Scrap metal ‘unaffordable’

Inputs for metals producers, especially scrap metals, are not affordable. Picture: THINKSTOCK
Inputs for metals producers, especially scrap metals, are not affordable.
Picture: THINKSTOCK

THE scrap metals industry has a complex and often adversarial relationship with the foundries industry. Many countries impose duties to prevent exports of scrap metals, while also heavily subsiding their metals industries, despite World Trade Organisation rules.

But South Africa has gone in the opposite direction since 1994, liberalising markets to the point that some in the private sector are pleading for protection, though others are baying for more open markets.

Bob Stone, chairman of the Non-Ferrous Metal Industries Association of South Africa, says inputs for metals producers, especially scrap metals, are not affordable.

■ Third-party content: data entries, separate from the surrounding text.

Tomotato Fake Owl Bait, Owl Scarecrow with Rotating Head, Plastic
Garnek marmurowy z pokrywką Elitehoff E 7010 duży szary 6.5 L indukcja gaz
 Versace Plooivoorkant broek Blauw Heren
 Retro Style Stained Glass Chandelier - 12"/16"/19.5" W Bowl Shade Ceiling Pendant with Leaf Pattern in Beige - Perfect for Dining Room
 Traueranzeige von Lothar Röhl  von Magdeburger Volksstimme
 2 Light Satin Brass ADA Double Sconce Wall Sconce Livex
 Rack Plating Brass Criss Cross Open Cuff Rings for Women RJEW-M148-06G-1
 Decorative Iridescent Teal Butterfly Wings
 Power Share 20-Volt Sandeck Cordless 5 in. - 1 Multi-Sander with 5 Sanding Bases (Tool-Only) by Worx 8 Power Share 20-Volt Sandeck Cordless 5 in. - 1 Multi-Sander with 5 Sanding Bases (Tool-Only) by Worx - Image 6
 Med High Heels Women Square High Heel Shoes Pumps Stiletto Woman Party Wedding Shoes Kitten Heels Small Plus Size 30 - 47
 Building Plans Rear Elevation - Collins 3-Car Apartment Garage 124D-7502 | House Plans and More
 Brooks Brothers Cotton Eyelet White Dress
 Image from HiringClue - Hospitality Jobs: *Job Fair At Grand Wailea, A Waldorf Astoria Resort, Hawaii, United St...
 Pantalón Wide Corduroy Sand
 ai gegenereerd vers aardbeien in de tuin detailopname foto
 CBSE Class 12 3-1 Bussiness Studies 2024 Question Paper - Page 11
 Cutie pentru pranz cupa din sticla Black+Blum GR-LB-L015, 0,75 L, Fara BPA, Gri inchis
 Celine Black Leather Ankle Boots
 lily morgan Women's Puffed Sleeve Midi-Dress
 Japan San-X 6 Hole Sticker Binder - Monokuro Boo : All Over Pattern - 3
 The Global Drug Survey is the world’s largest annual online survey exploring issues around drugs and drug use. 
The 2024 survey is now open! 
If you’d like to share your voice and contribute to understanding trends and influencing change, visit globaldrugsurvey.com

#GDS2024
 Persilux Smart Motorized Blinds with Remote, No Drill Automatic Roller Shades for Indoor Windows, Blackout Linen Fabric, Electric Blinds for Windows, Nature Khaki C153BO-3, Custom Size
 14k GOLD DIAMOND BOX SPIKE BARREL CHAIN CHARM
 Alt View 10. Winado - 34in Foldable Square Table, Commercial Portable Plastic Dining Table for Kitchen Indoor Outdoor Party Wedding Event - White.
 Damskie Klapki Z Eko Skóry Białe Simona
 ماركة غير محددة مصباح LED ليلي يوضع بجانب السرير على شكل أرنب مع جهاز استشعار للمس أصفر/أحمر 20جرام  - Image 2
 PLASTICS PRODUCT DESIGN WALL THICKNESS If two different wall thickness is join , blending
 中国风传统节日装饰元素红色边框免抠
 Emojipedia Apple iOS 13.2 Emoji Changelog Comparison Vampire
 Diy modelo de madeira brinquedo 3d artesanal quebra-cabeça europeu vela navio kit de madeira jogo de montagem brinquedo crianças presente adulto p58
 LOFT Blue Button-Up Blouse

Apart from tariffs, antidumping duties and subsidies elsewhere, market inequities are driven by high foreign demand and a highly favourable exchange rate for scrap exporters, which also charge local buyers export parity prices.

The Metal Recyclers Association of South Africa declines to comment — it is sensitive to accusations that it is involved in metals theft and that it is ignoring a government directive to offer product to local foundries and secondary smelters at a 20% discount to the international spot price.

The International Trade Administration Commission says it will soon issue new guidelines for the compulsory sale of ferrous and nonferrous scrap metals to the domestic market to stem exports worth billions annually.

John Davies, CEO of the South African Institute of Foundrymen, says the foundry industry remains under pressure.

“However, if we can get the localisation programme really working well, it could provide impetus to the industry and make a real difference,” he says.